My comments on the translation of ἐκβάλλω are based on the assumption that Matthew's use of it didn't sound strange and foreign to his audience. This is just an assumption, because I don't have good intuitions on Greek and I haven't read anything that comments on the foreignness or naturalness of his use of that word in his gospel. I'm assuming that if one consistently translated ἐκβάλλω into English as "throw out," the translation would sound more strange to us in English than the original gospel sounded to its original audience. If, following Ann Nyland, we report Jesus as saying that he was throwing laborers out into the harvest, that sounds strange to us. I am assuming that in the original Greek, which in turn is a translation from Aramaic, the meaning of those words was something more like "send out." I am open to having my assumptions challenged.

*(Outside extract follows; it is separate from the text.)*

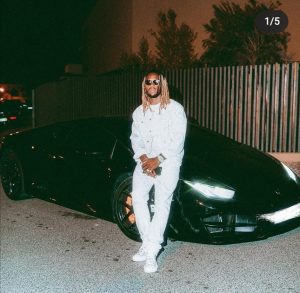 Renato Sanches Lille Calciomercato AC Milan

Going back to the deictic issue, in normal English we "take" a foreign body out of our eye, not "send" or "throw" it out. Again, not having finely-tuned intuitions about Greek, I would assume that the original language of Matthew 7:4 doesn't sound as strange in Greek as "send/throw the speck out of your eye" sounds in English.

J. K. Gayle said...

I certainly didn't mean to say, or to suggest, that ἐκβάλλω was strange to Matthew's audience. It's more common than koine Greek but is also a central term of Mediterranean 1st century Hellene, I'm quite sure. Is "throw out" in 21st century American English less common to us? I can't say. When I read Nyland's Jesus saying to pray the Harvest Master will throw workers into his harvest, I do make the connection back to the other uses of "throw out." She's rightly omitted the "out" part of the verbal phrase. And, I think, she's rightly made me sense that there's an urgency and some violent action needed to get the lazy workers working. "Send out" just doesn't have the same effect, does it? Is the violence what Matthew in Greek or Jesus in Aramaic intended? Even if we could know, then would accuracy to either or both of them matter? (Is accuracy critical in a Pikean sense?)

As for the deictic issue you raise in 7:4 and other sentences in Mt, I completely follow and agree with your reasoning. There's less likely Greek word play that any reader could see there. Less word play than for the same but different ἐκβάλλω-S in chapter 9.